Source data: Begin
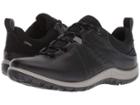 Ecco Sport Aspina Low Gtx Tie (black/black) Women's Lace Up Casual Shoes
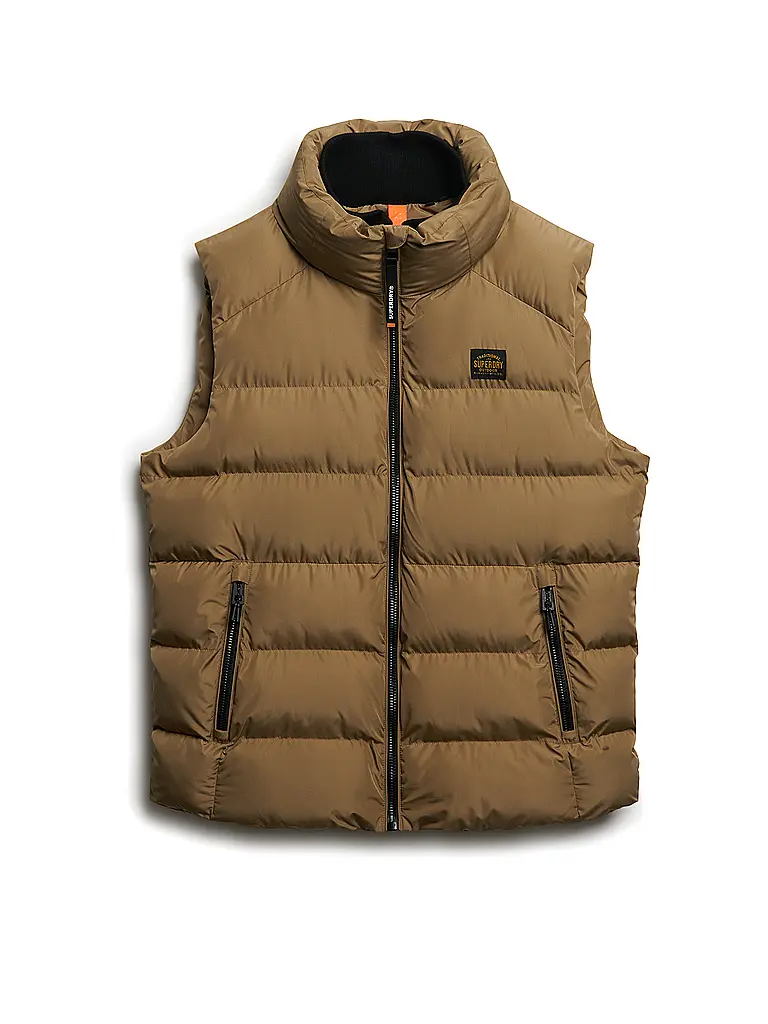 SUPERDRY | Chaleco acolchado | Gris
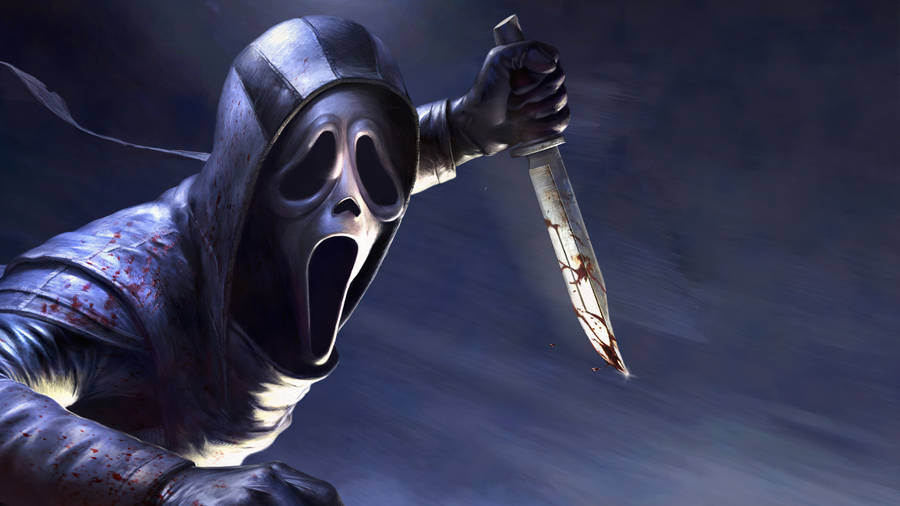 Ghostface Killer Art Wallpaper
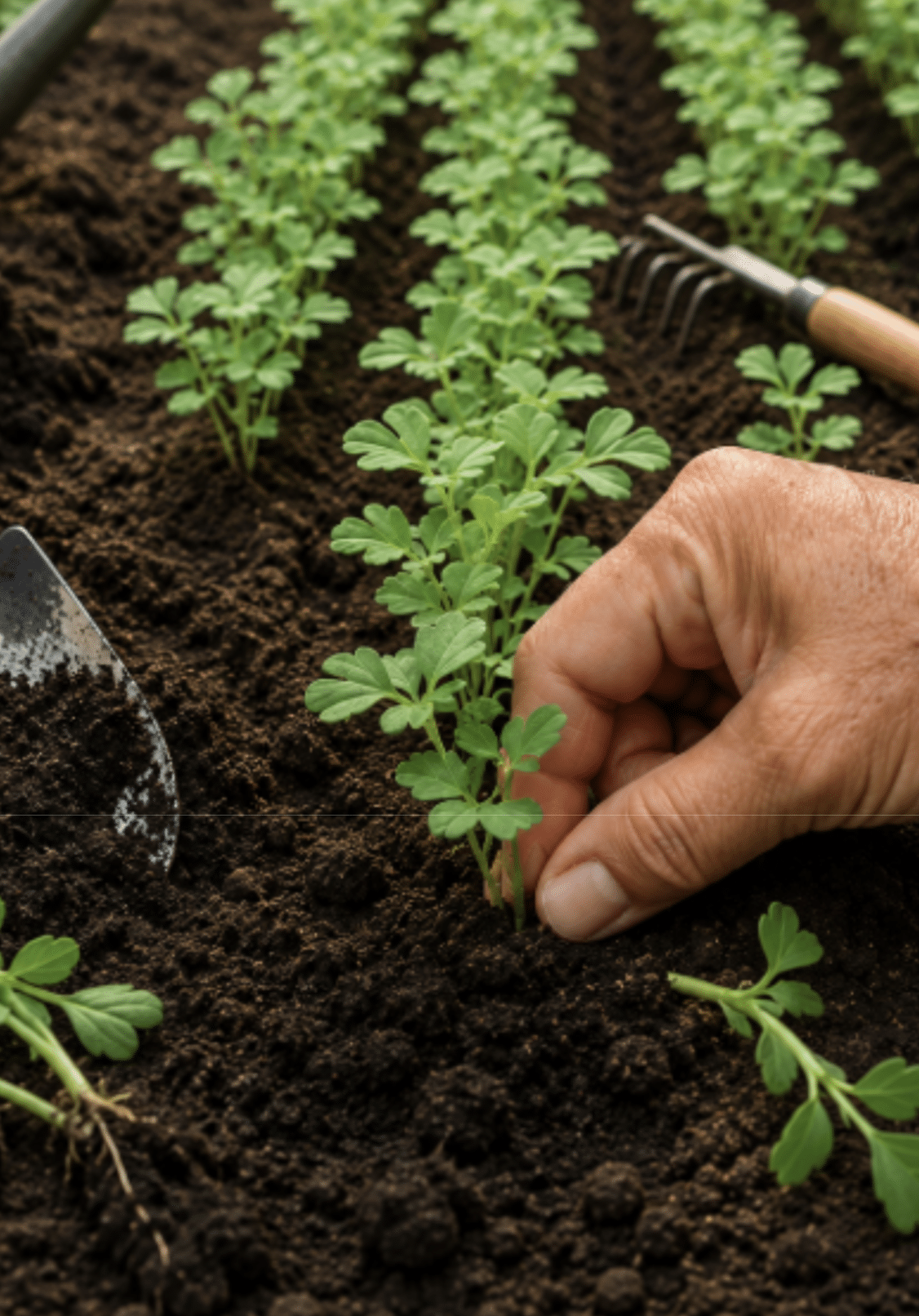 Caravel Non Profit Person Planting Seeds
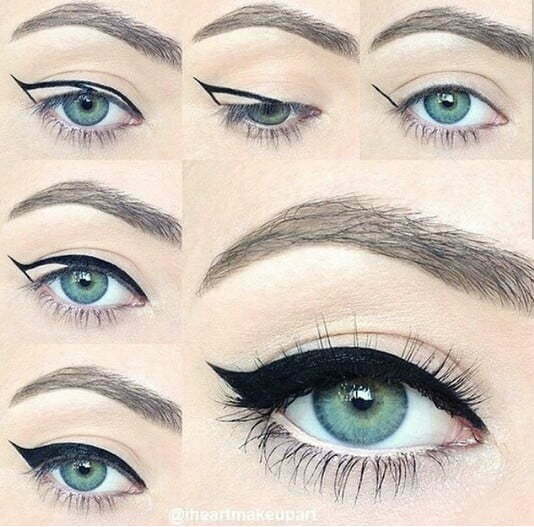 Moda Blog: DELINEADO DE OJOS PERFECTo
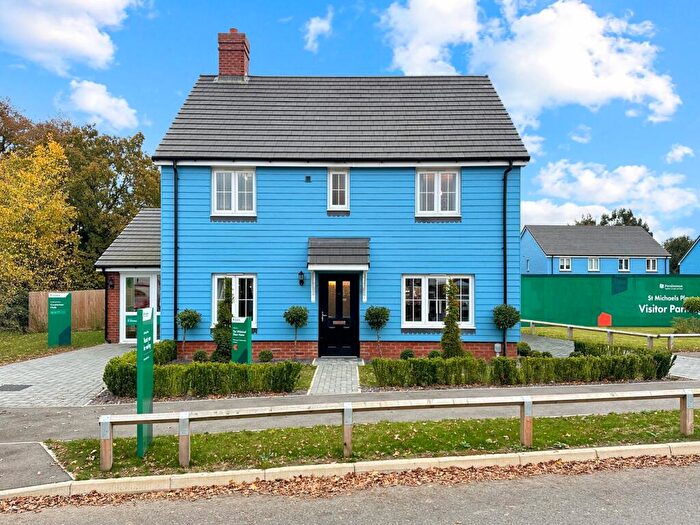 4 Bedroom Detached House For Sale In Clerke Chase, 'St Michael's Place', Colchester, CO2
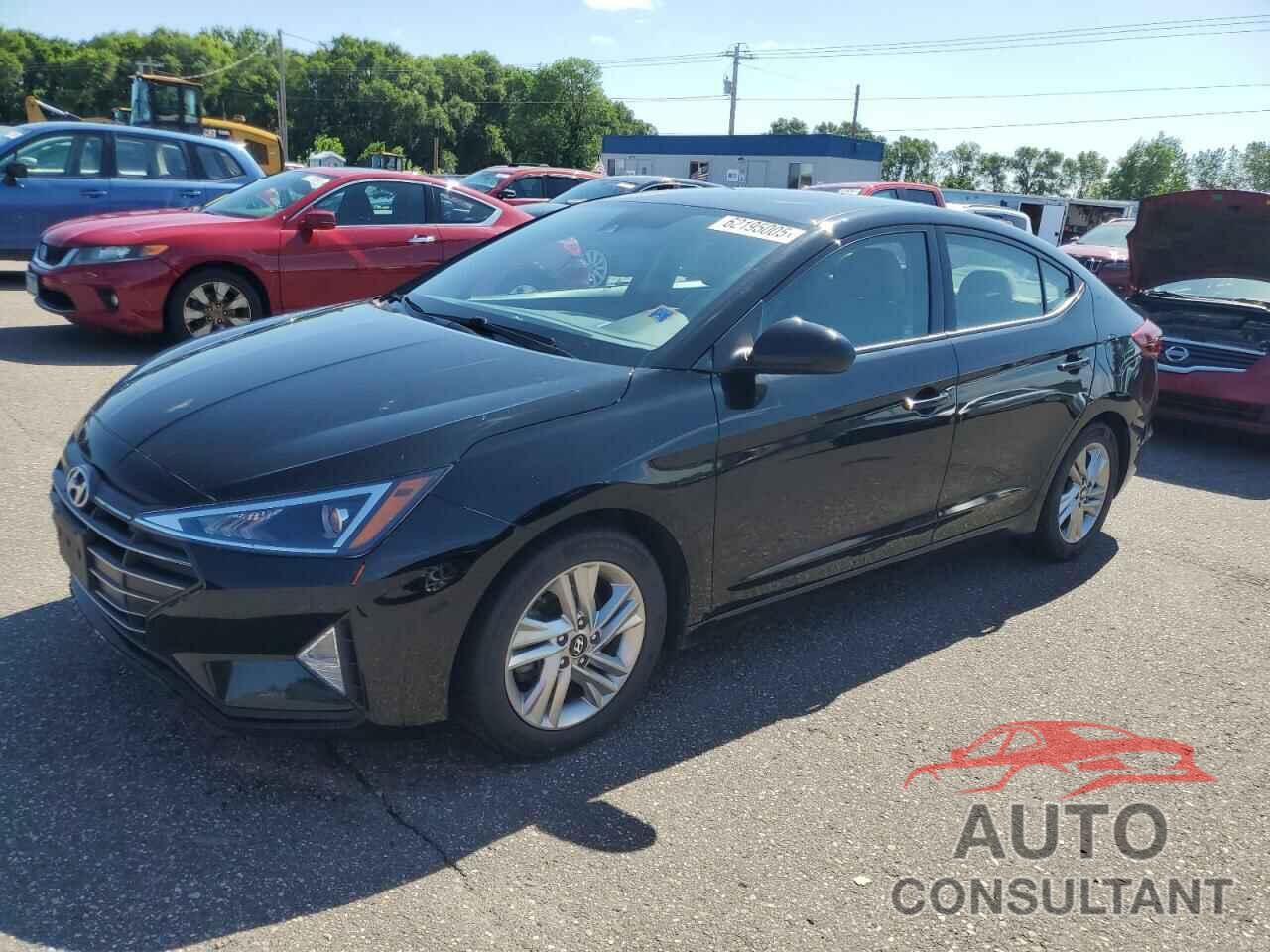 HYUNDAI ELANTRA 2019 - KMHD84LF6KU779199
Source data: End
Source data: Begin
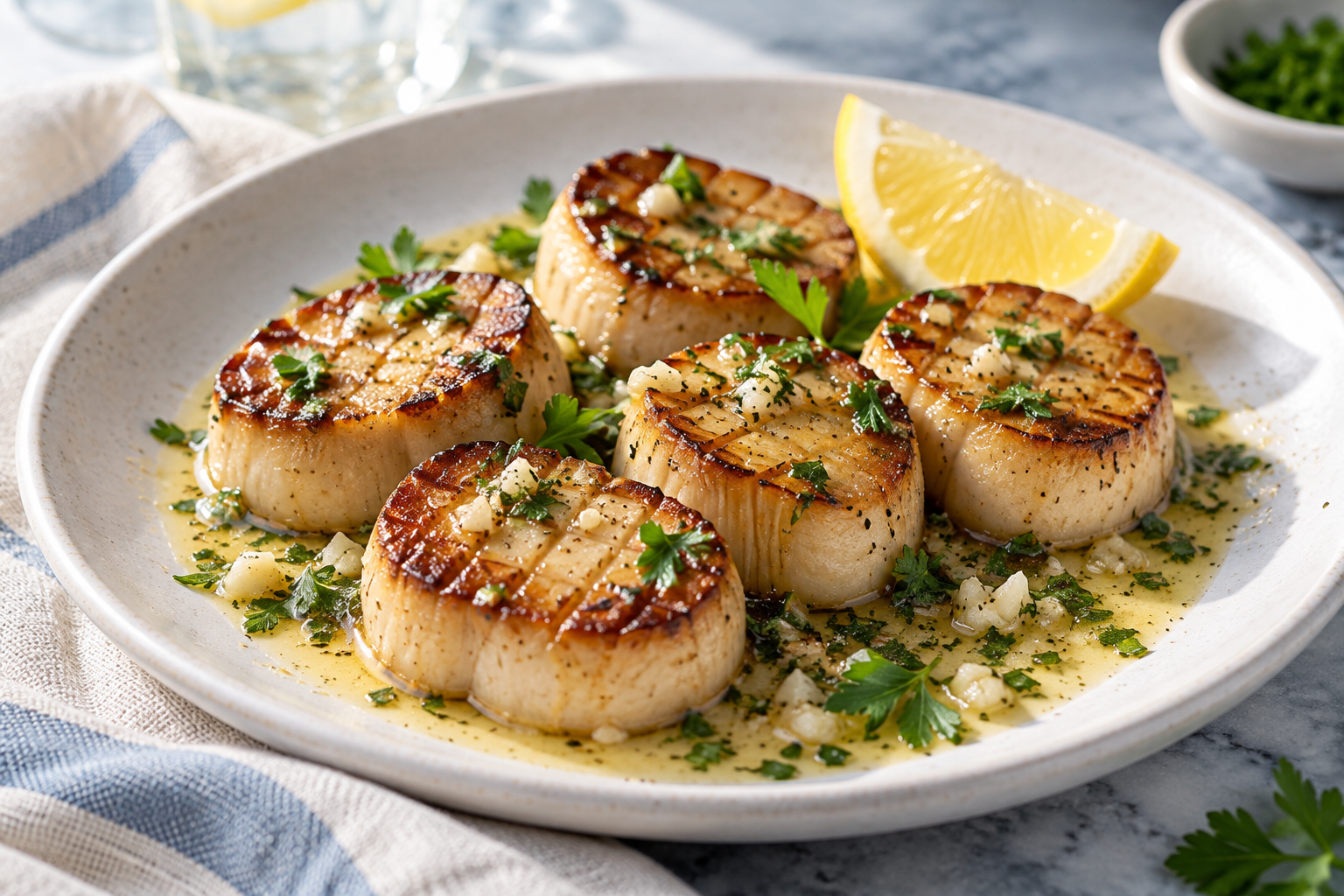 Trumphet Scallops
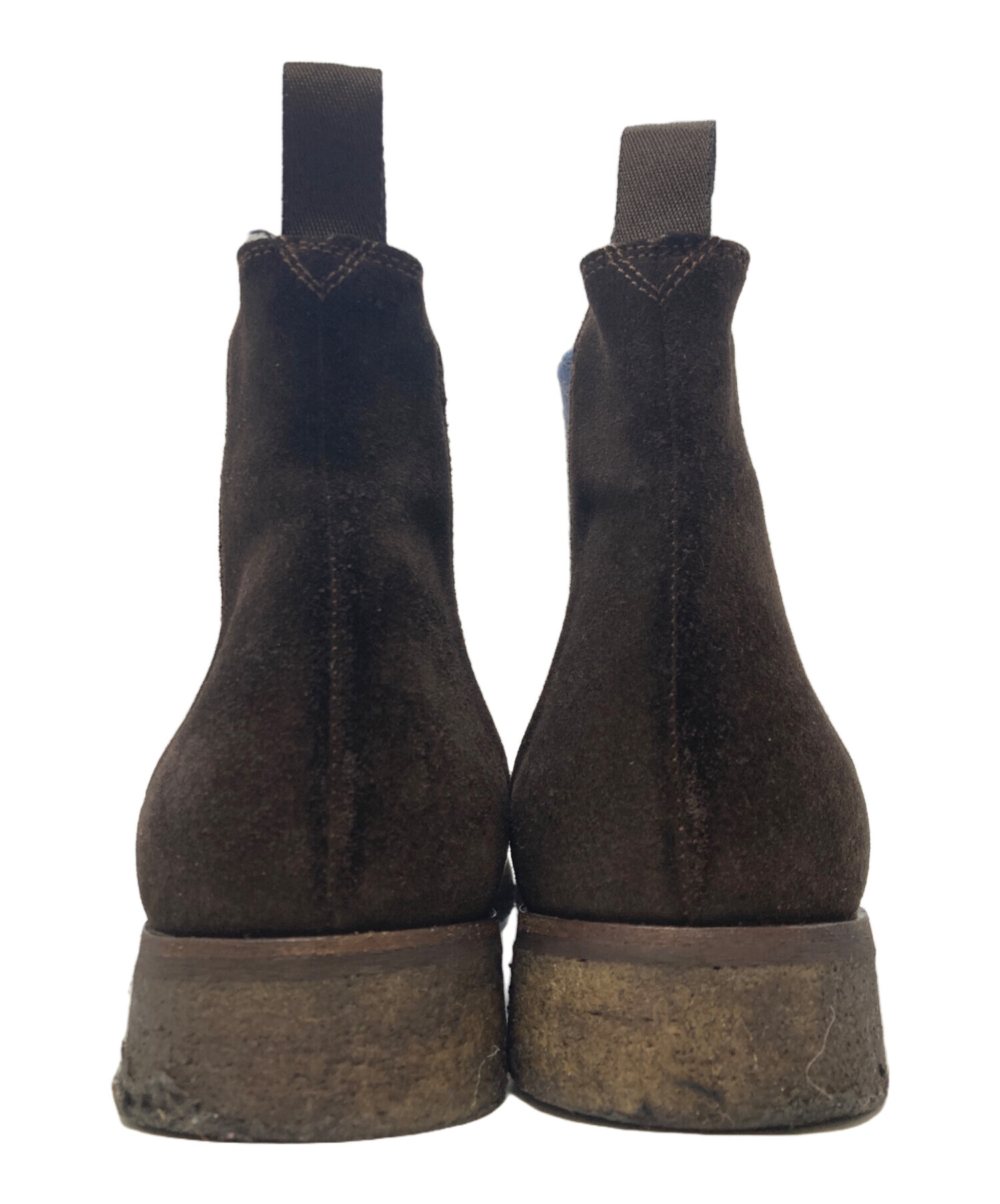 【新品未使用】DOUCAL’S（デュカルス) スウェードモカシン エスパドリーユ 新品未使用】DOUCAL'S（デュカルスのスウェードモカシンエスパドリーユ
Source data: End
Source data: Begin
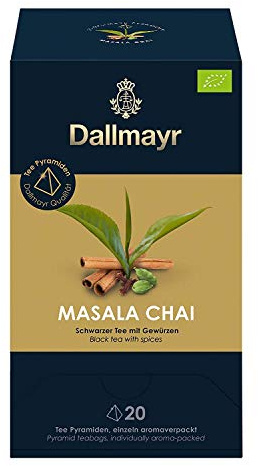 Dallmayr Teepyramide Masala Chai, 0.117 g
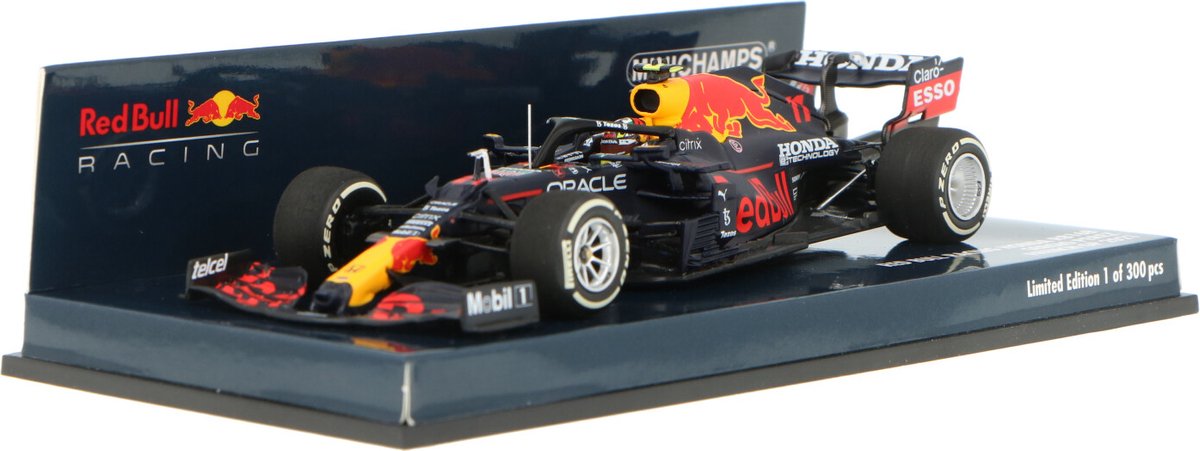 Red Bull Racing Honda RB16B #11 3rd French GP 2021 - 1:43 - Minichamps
Source data: End
» Work to be completed: Begin at the line in the entries above that has "Ecco Sport Aspina", stop after the line that has "Moda Blog: DELINEADO DE OJOS PERFECTo", and output exactly those lines without pictures.

» Response to the exercise:
 Ecco Sport Aspina Low Gtx Tie (black/black) Women's Lace Up Casual Shoes
 SUPERDRY | Chaleco acolchado | Gris
 Ghostface Killer Art Wallpaper
 Caravel Non Profit Person Planting Seeds
 Moda Blog: DELINEADO DE OJOS PERFECTo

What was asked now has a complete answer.